Although in a nascent stage of development, the IoT is gradually gaining a foothold in the Caribbean and increasingly smart devices and appliances are becoming available in the market. Regional stakeholders such as the Caribbean Network Operators Group (CaribNOG), the Caribbean Association of National Telecommunications Organisations (CANTO), and the Caribbean Telecommunications Union (CTU) have all become active in the discussion of how to enable IoT across the islands.
The construction of the Deep Blue cable will become critical in supporting the bandwidth demands of the IoT and its widespread adoption throughout the Caribbean.
How do you think the investment of OTTs has affected the subsea cable market? Are we seeing the end of the operator dominated cable consortium?
There’s no question that OTTs are leading the growth of new-build cable systems, specifically, transoceanic subsea networks. But the larger subsea cables owned by OTTs will also provide opportunities for convergence between the transoceanic and regional markets. While OTTs are not investing in smaller markets, they are indirectly serving undeserved regions of the world by facilitating broader global connectivity.
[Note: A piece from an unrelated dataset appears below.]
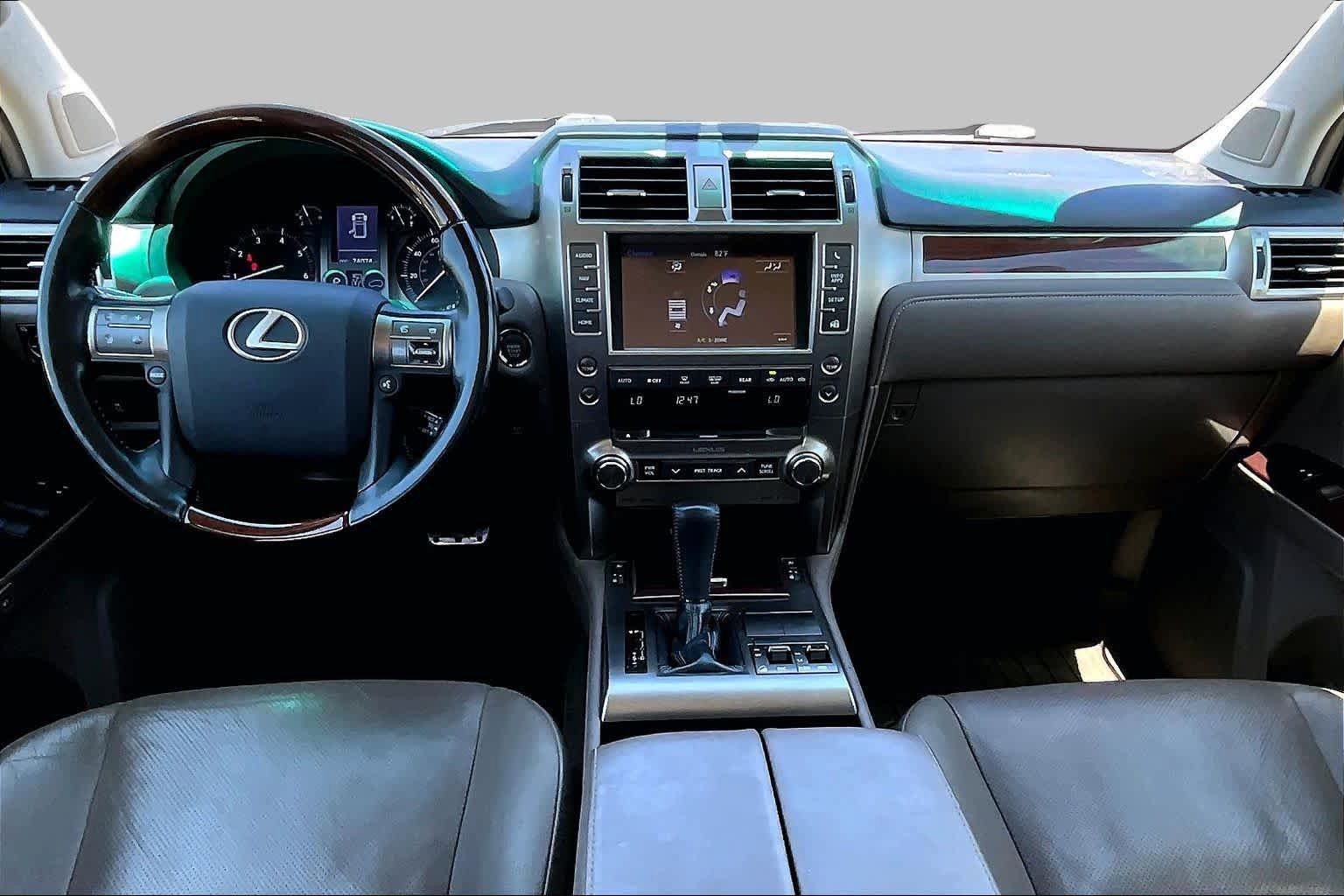 Used 2015 Lexus GX 460 w/ Premium Package AWD/4WD image 15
In so far as the future of the operator dominated cable consortium, I believe we’ll start to see more innovative collaborations, such as the recent pact between Seaborn Networks and Aqua Comms to provide a new subsea route between South America and Europe by interconnecting Seaborn’s Seabras-1 cable directly with Aqua Comms’ America-Europe Connect subsea cable network.
Witnessing the development of the HAVFRUE submarine cable system, a consortium that includes Aqua Comms, Bulk Infrastructure, Facebook and others to construct an undersea network between the US and Northern Europe, I don’t anticipate that the consortium model will disappear entirely from the industry.
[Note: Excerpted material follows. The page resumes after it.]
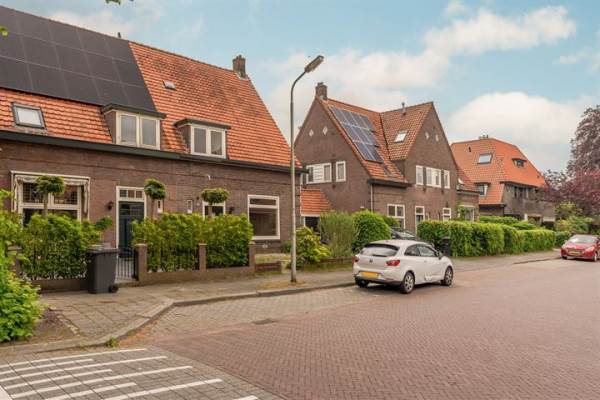 Woning K.P.C. de Bazelstraat 23 Bussum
What are your thoughts on the increasing number of cable projects forgoing the cable landing station and connecting directly to the data centre?
To improve performance and lower costs, subsea network owner-operators are increasingly terminating new subsea cables directly in network and cloud-rich colocation data centres, thereby eliminating the additional hop through the traditional cable landing station.
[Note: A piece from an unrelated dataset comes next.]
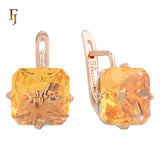 El tesoro de Ashlee: aretes de oro rosa de 14 quilates con circonitas cúbicas de colores y corte esmeralda en solitario.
While this has traditionally been seen in developed markets, it’s important to remember that more than 10% of the world's internet users are in the Latin American-Caribbean region. Infrastructure growth requires more reliable and resilient connectivity, which will fortify business opportunities within and serving the Caribbean.
In addition to growing subscriber populations, regional growth in bandwidth demand is being driven by advanced generation mobile phone services, cable TV and OTT services. Investment in terrestrial backhaul and domestic network capacity has also led to an increase in aggregate demand for off-island capacity in all markets. So, as globalisation continues to reach emerging economies such as the Caribbean, we’re likely see more regional data centres connect directly with submarine cables, especially as multinational enterprises seek to expand their footprint in the islands, driving new infrastructure investments.
Beyond the subsea cable due for deployment in 2020, what’s the future roadmap for Deep Blue?
The Deep Blue Cable network will offer an initial capacity of 6Tbps per fibre pair, which may be upgraded to 20Tbps per fibre pair over the life of the system. The undersea network is designed to be fully looped with many cables at unique landing sites. While Deep Blue has 22 landings planned in Phase I, the system ultimately has more than 40 landings planned in the Caribbean, mainland US, and South America.